• _Description of the task_
The line containing "Ақтауда полицей қызметкері", plus every line that follows it to the end of the listing below, is what you transcribe exactly; omit all pictures.

Content starts

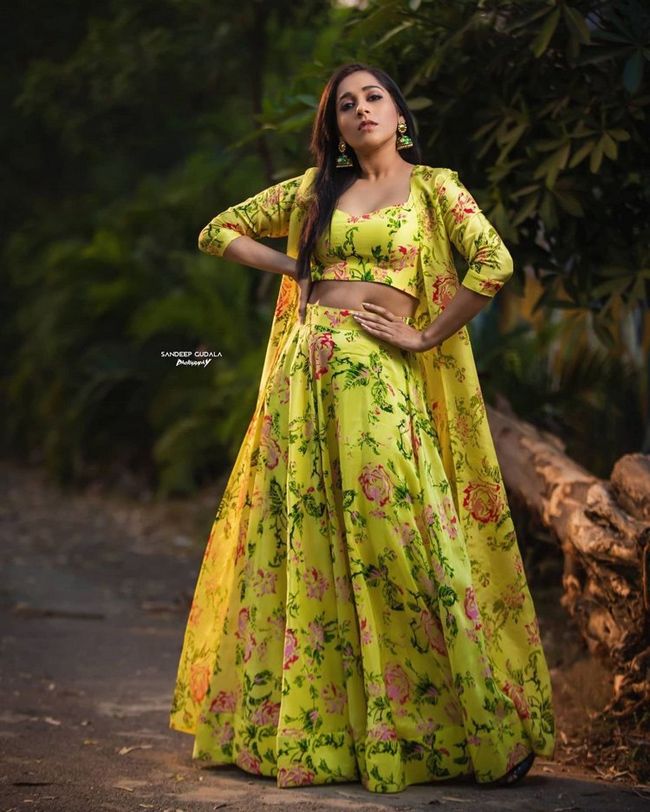 Rashmi Gautam Latest Instagram Pics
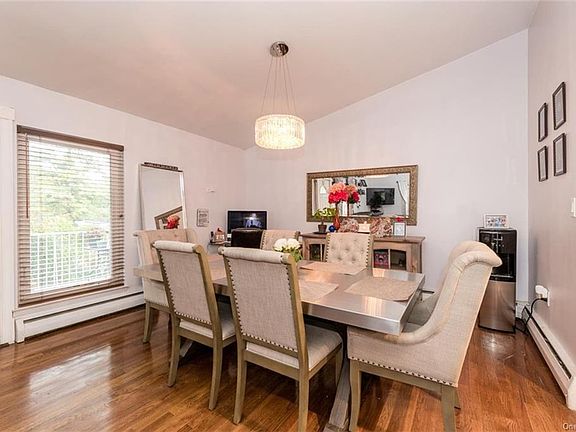 4th image of 2934 Hering Ave
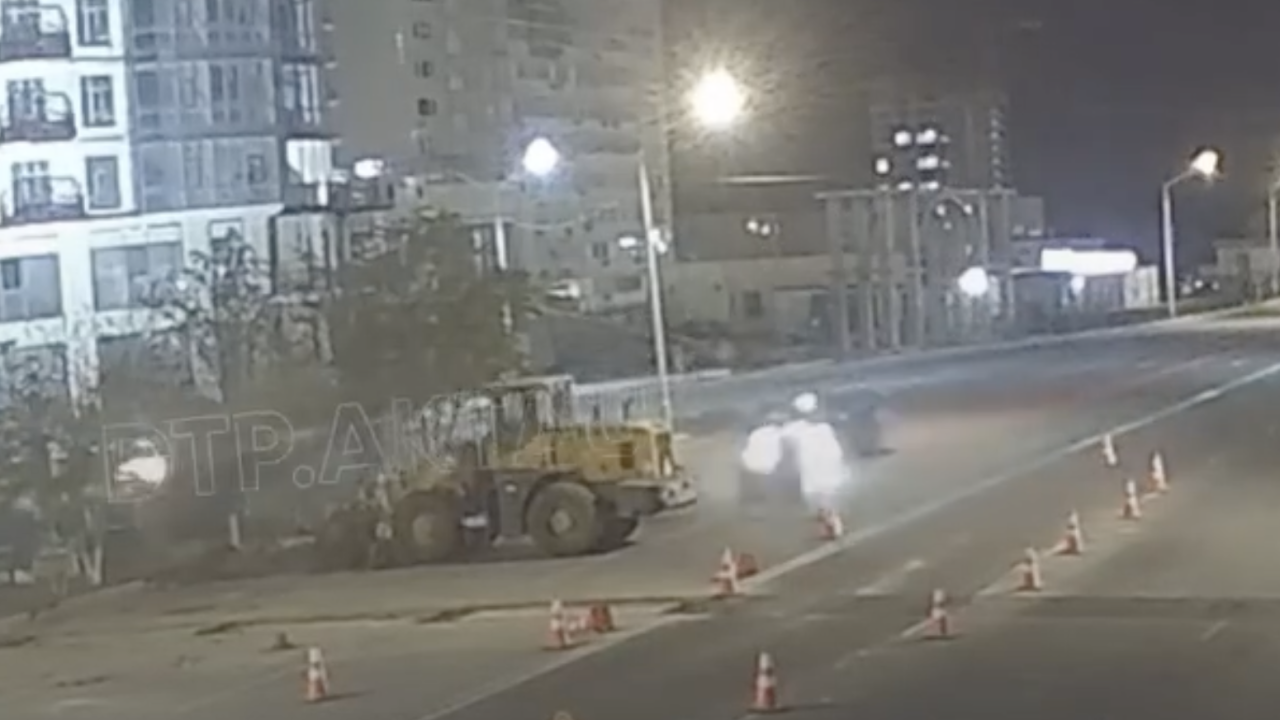 Ақтауда полицей қызметкері жүк тиегішке соғылып қаза тапты (ВИДЕО)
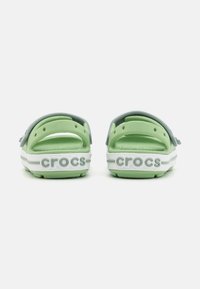 Crocs CROCBAND CRUISER UNISEX - Natikače za bazen - fair green/dusty green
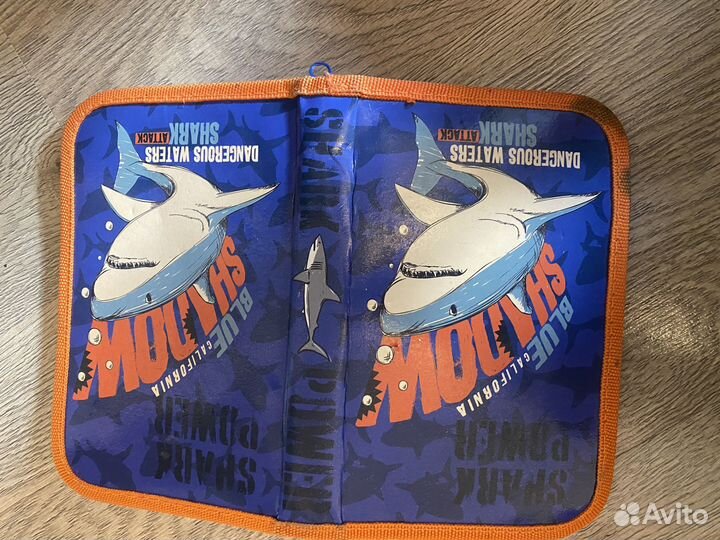 Пенал школьный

Content ends

• _Your response_
 Ақтауда полицей қызметкері жүк тиегішке соғылып қаза тапты (ВИДЕО)
 Crocs CROCBAND CRUISER UNISEX - Natikače za bazen - fair green/dusty green
 Пенал школьный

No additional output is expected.